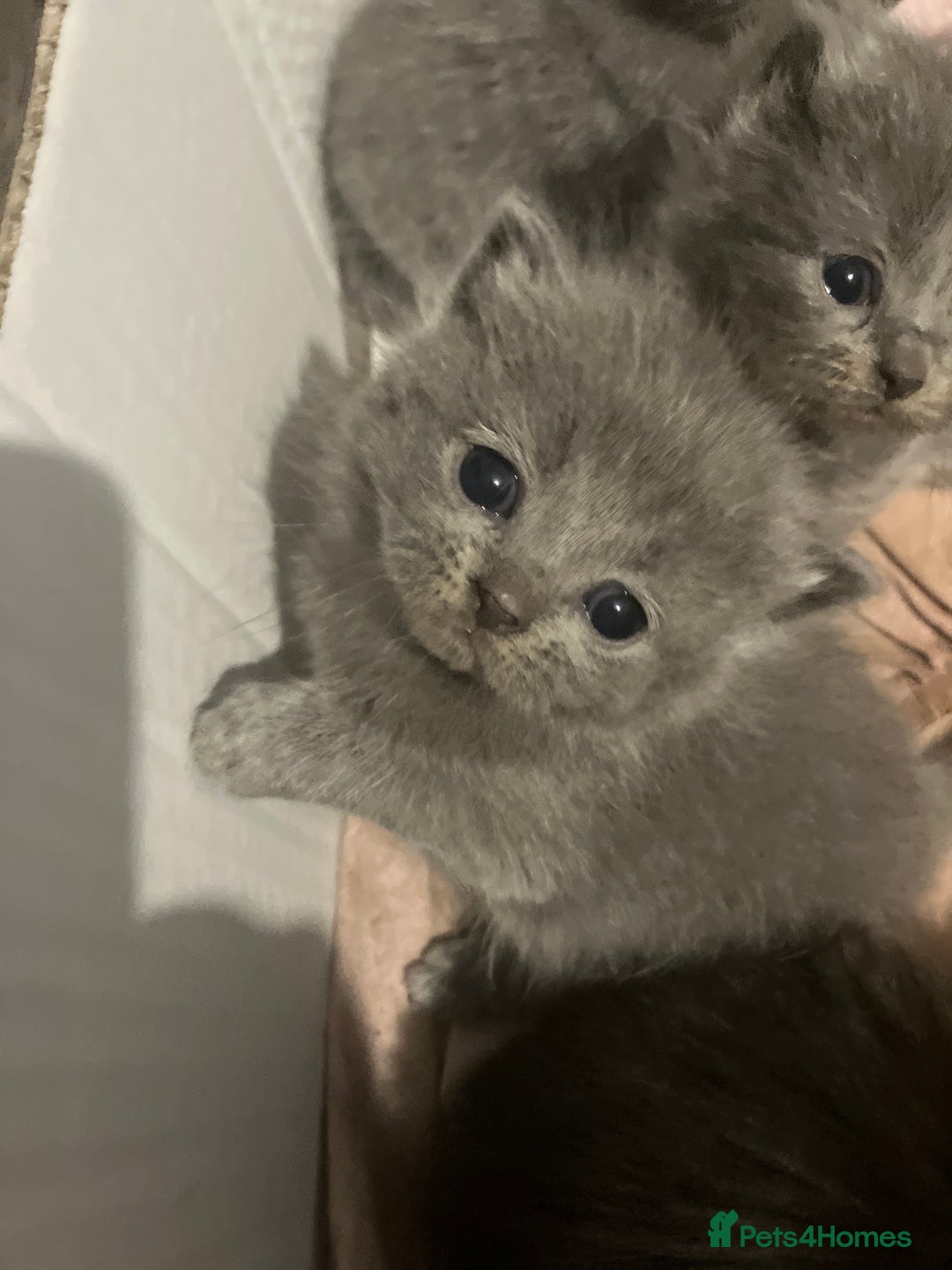 Mixed Breed cats for sale: Half british short hair kittens for reserve - Advert 7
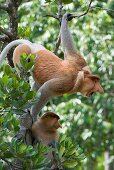 Dominant male proboscis monkey has a pendulous nose that covers the mouth, said to be sexually attractive to females possibly because it enhances vocalisations  Like any dominant male must be constantly on the lookout for challenges from younger males in 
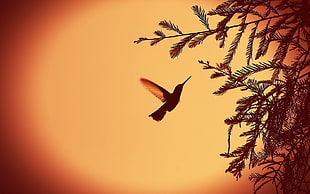 brown hummingbird, hummingbirds, birds, leaves, vignette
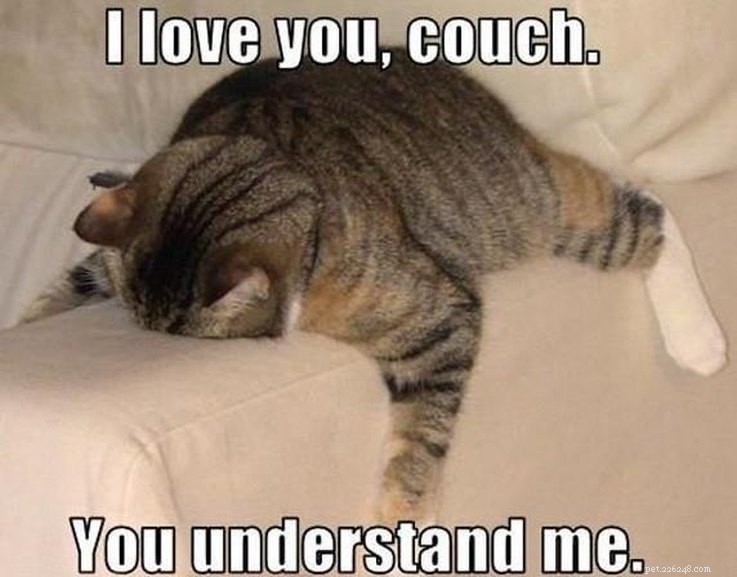 17 Pets Who Are Totally Done With Life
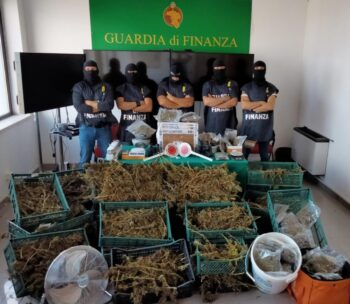 Crotone, in casa laboratorio per lavorazione marijuana, due arresti 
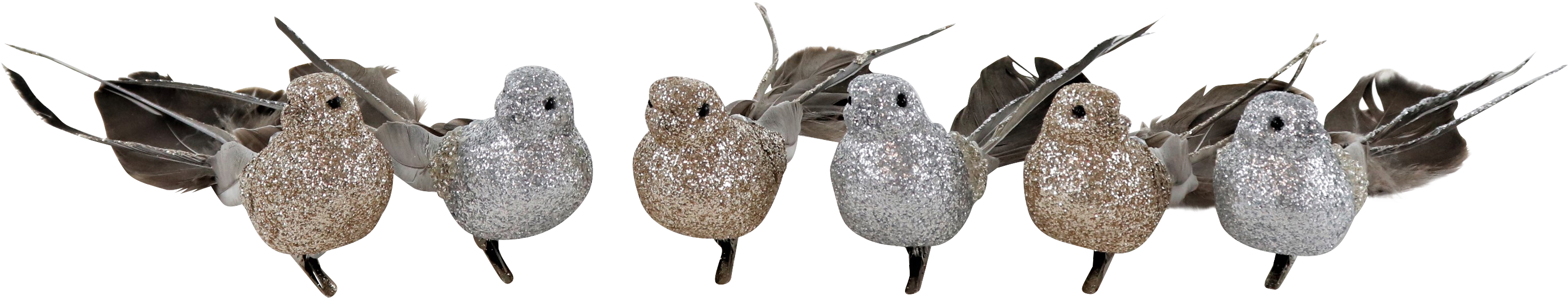 3469 UCCELLINI  FEDERSTOLZ  6PZ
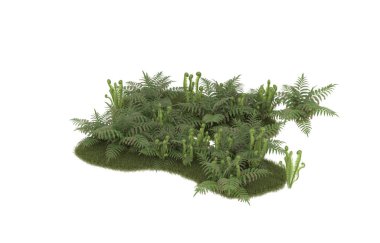 Field of grass with flowers isolated on white background. 3d rendering - illustration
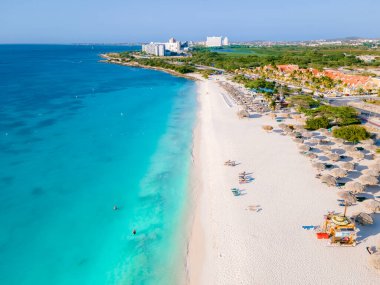 Eagle Beach Aruba, Palm Trees on the shoreline of Eagle Beach in Aruba, a aerial drone view at the beach clipart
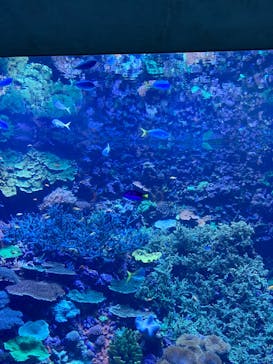 大分マリーンパレス水族館 「うみたまご」に投稿された画像（2023/9/14）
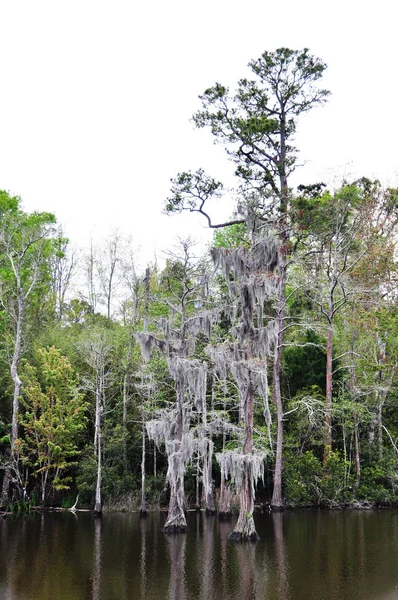 Flora Naturaleza Troncos Árboles Botánicos — Foto de Stock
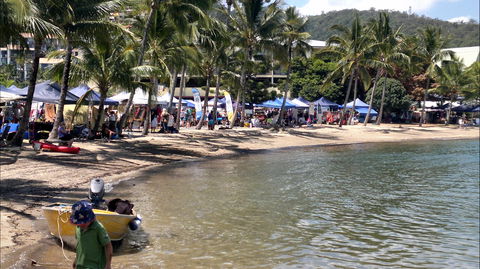 Lions Airlie Beach Community Markets - Accommodation Brunswick Heads 0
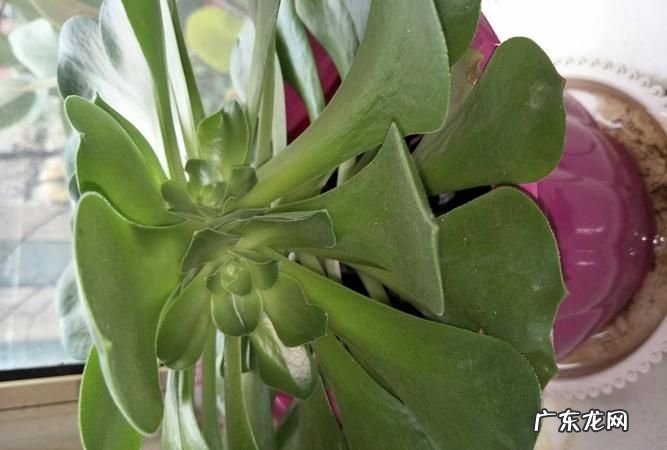 玉龙观音怎么修剪,玉龙观音老桩怎么修剪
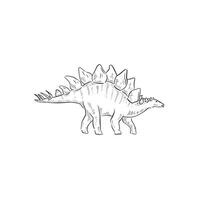 ein Linie gezeichnet Illustration von ein Stegosaurus. Hand gezeichnet im schwarz und Weiß und schattiert mit Linien. ein einfach skizzenhaft Stil Illustration vektor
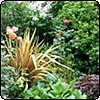 Choisya Plant Border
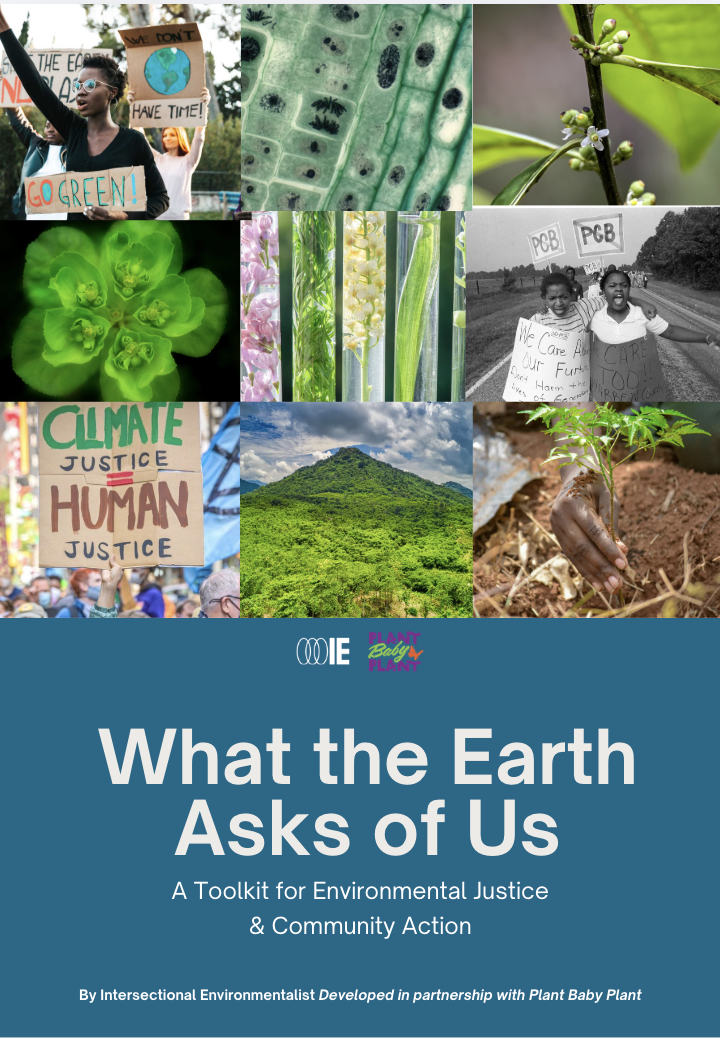 What The Earth Asks of US: A toolkit on EJ Action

^^^^

§ **What the exercise asks**
Find the line that contains "Flora Naturaleza Troncos", then write out that line and each one after it, exactly and with nothing else, through the end of the entries above, without the pictures.

§ **Output**
 Flora Naturaleza Troncos Árboles Botánicos — Foto de Stock
 Lions Airlie Beach Community Markets - Accommodation Brunswick Heads 0
 玉龙观音怎么修剪,玉龙观音老桩怎么修剪
 ein Linie gezeichnet Illustration von ein Stegosaurus. Hand gezeichnet im schwarz und Weiß und schattiert mit Linien. ein einfach skizzenhaft Stil Illustration vektor
 Choisya Plant Border
 What The Earth Asks of US: A toolkit on EJ Action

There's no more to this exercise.